El resultado es que España está gobernada por sus más acérrimos enemigos; se alteran las leyes y se arman las amnistías al dictado y conveniencia de separatistas y fulleros de toda condición; se aparcan los Presupuestos para que no constituyan una prueba de la deslealtad y la chapucería que tensionan las alianzas; se priman las grescas personales, con derivas amicales y familiares, y se evita el serio debate sobre los problemas más graves y urgentes del país, y se descuajeringa sin piedad todo cuanto de racionalidad, consenso, costumbres y buen hacer tenía el sistema democrático de la Transición.

La noticia de estos días es que Puigdemont, el prófugo de la justicia, que generó la grave confrontación catalana, que administra el chantaje sobre el que se compactan las mayorías, y que impone el relato de un Estado corrompido que arrasó con las libertades de Cataluña, se ha convertido en el personaje central de un período electoral en el que España solo puede perder, porque gana Puigdemont y le atenaza la garganta; o sufrir una derrota, porque fracasa Puigdemont y activa el caos político nacional que determina la vida del país.

Esta es la política que hay y de la que tenemos que hablar.
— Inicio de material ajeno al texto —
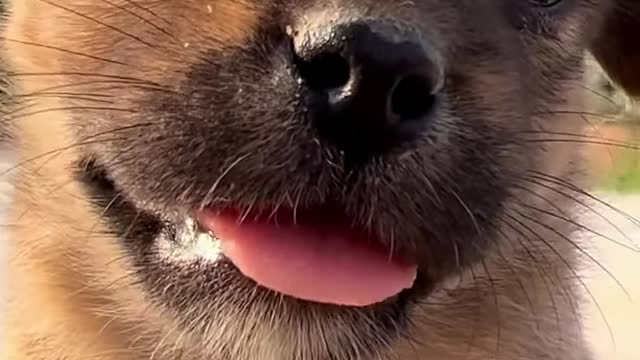 Funny Animal Videos #32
Y para eso, me temo, no hay más lenguaje, más honor ni más inteligencia que la que usan nuestros diputados en las trifulcas que tienen que atender. La política se ha degradado, y con ella se degradan también las personas que la practican, las instituciones que la sirven, el sistema mediático que nos informa, y los ciudadanos que la sufrimos. Y así, paseniño, se asfixia la democracia.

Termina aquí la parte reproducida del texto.